Prompt> Pictures stay out of the copy. Retype exactly the lines below from the one with "Chris Greulich Email" through the one with "Beatpatrol 2012 10688558".

Entries provided>
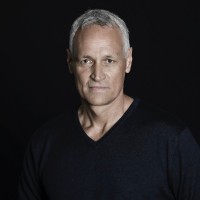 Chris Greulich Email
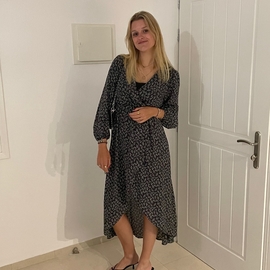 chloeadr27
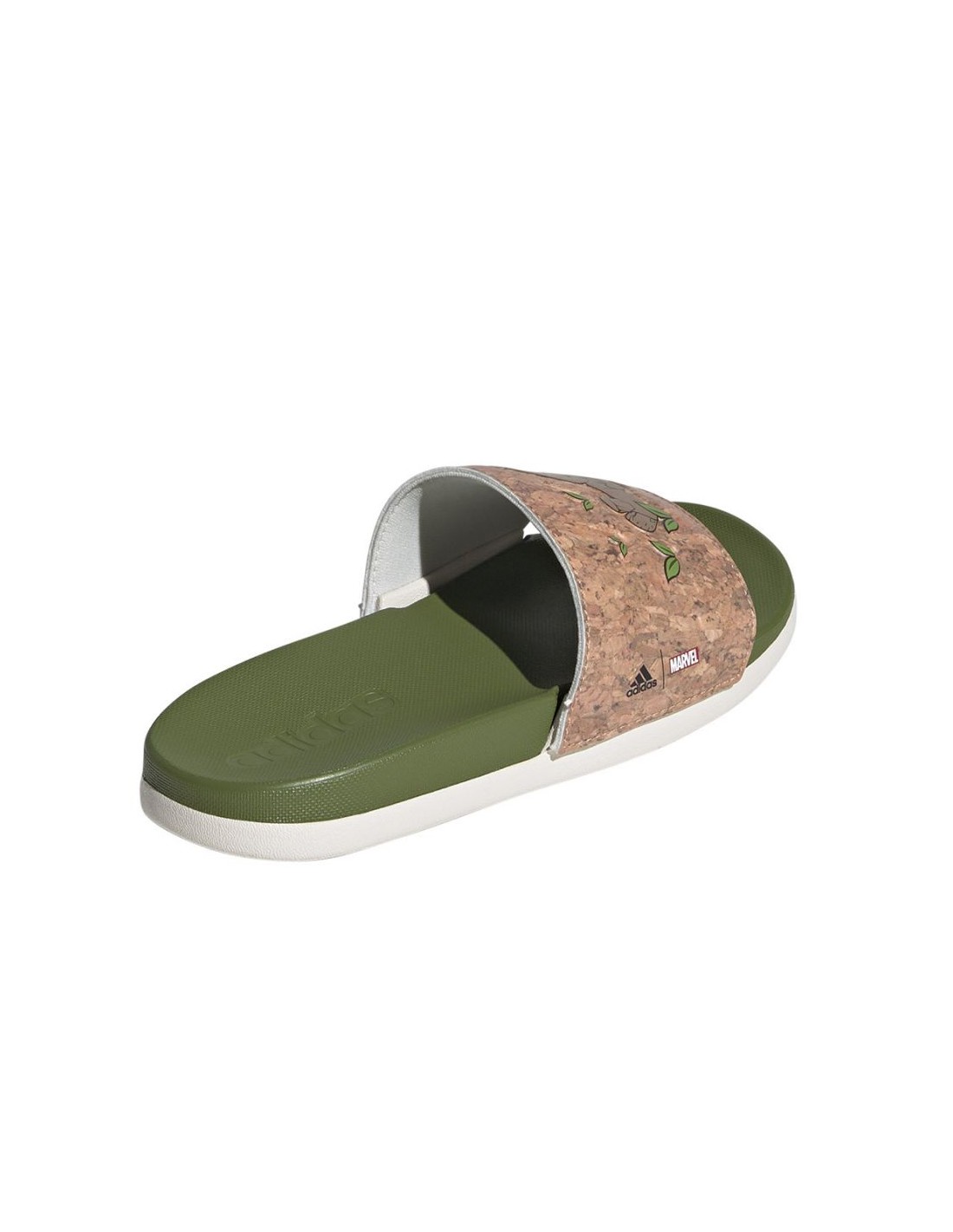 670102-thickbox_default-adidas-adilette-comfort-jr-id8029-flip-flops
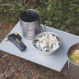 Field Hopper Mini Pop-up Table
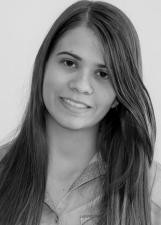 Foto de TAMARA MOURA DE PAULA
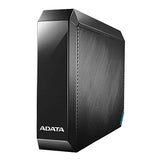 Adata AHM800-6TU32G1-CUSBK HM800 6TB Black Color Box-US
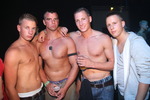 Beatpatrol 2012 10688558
==
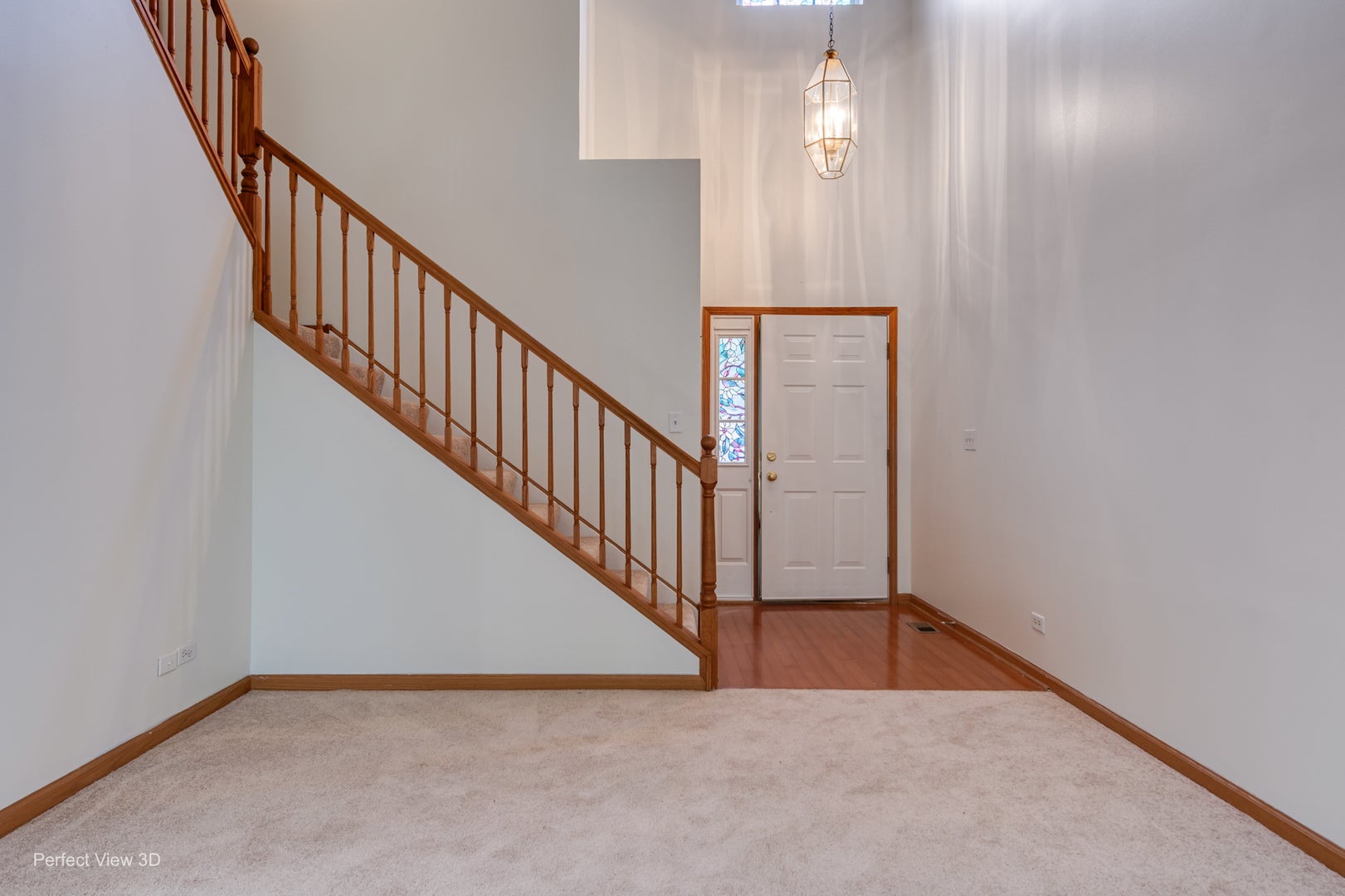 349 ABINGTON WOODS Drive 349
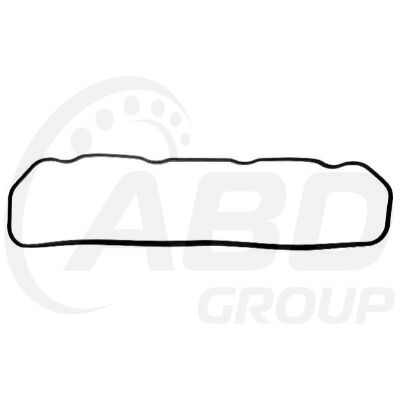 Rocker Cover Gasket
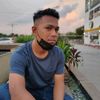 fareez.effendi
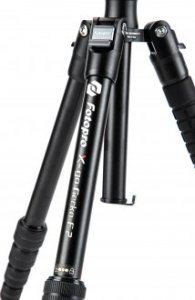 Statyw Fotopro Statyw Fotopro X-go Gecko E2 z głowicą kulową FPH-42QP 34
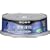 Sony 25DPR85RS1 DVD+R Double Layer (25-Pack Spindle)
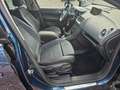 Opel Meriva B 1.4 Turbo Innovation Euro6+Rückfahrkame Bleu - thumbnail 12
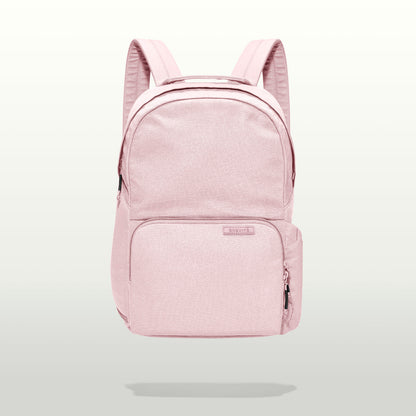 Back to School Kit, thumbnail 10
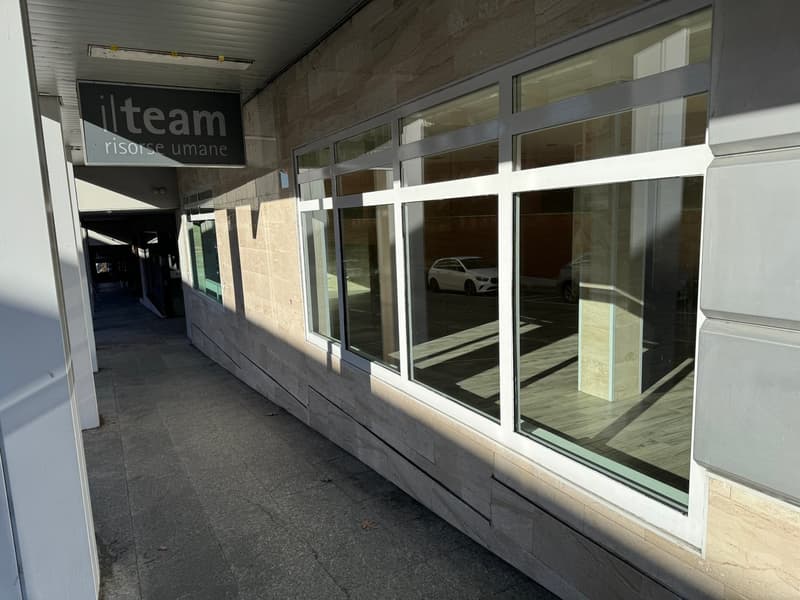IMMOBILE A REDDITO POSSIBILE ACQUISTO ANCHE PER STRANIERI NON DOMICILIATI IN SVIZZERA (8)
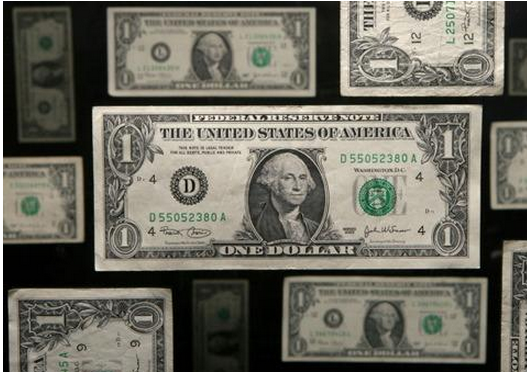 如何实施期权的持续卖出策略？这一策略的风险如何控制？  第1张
...
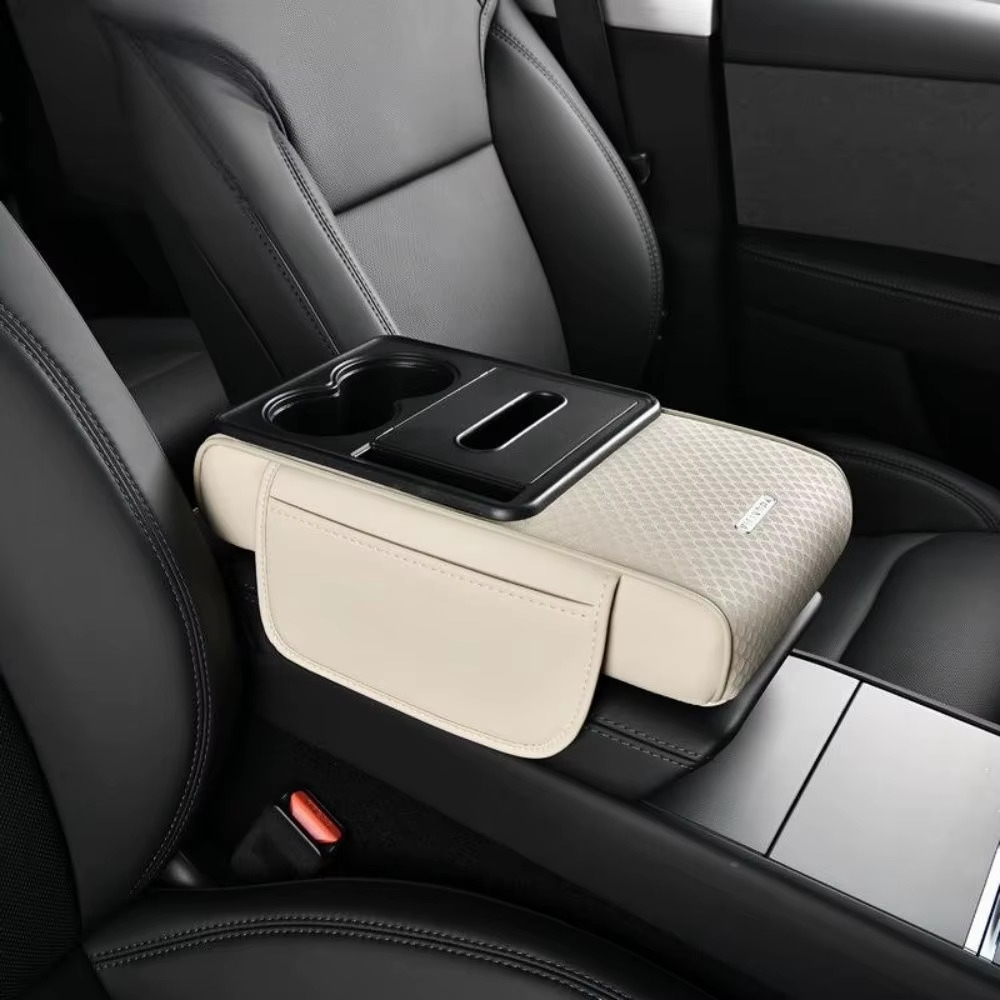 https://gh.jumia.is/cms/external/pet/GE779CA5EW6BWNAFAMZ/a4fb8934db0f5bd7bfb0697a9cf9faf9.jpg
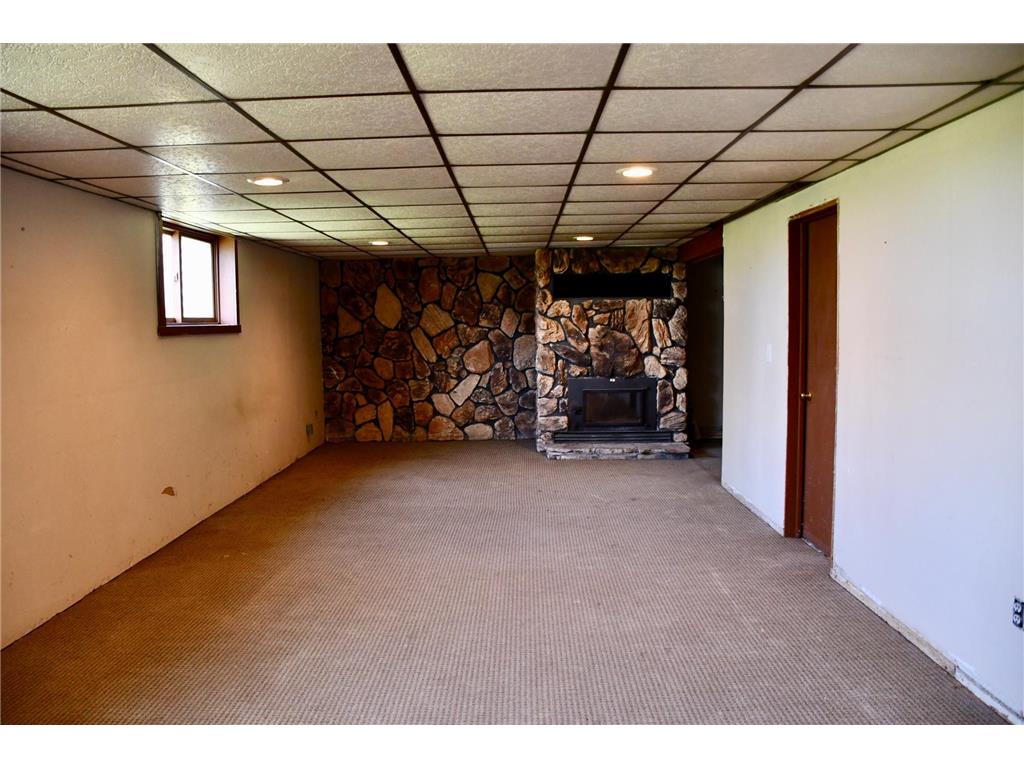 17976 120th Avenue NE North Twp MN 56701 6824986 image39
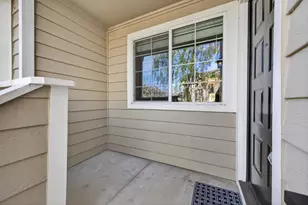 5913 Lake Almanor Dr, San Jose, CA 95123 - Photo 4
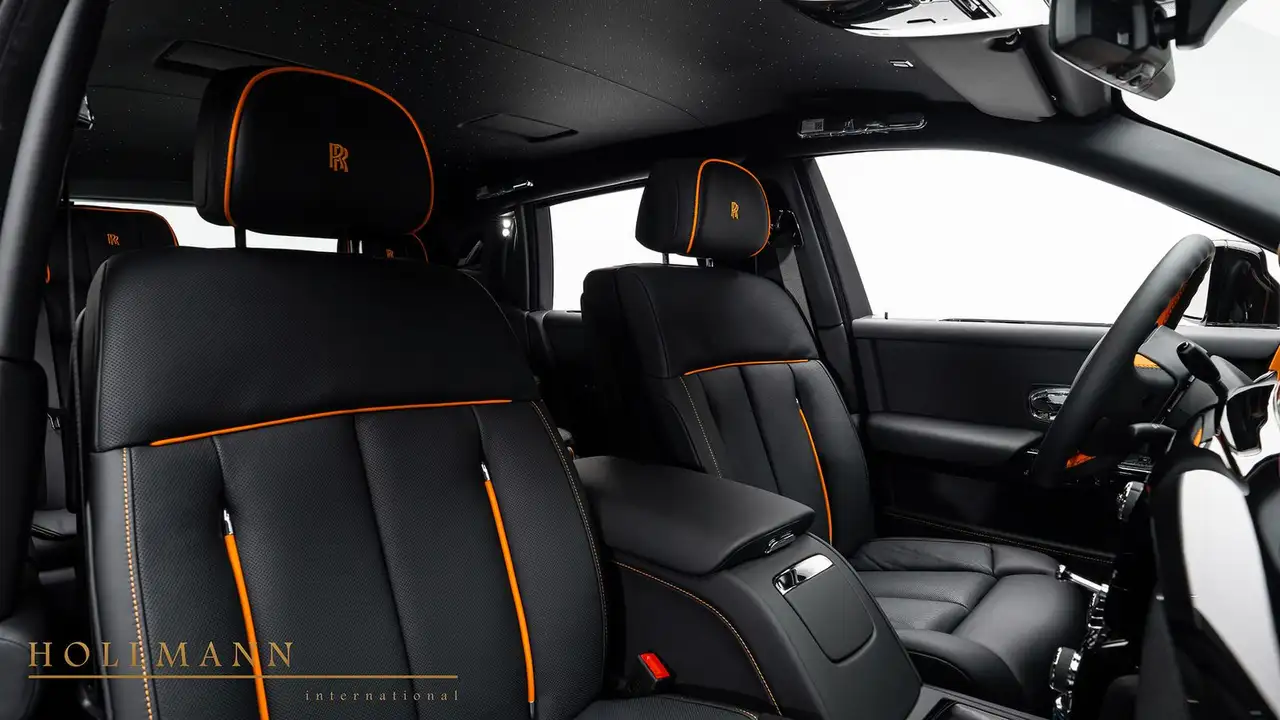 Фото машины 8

Expected answer>
 Chris Greulich Email
 chloeadr27
 670102-thickbox_default-adidas-adilette-comfort-jr-id8029-flip-flops
 Field Hopper Mini Pop-up Table
 Foto de TAMARA MOURA DE PAULA
 Adata AHM800-6TU32G1-CUSBK HM800 6TB Black Color Box-US
 Beatpatrol 2012 10688558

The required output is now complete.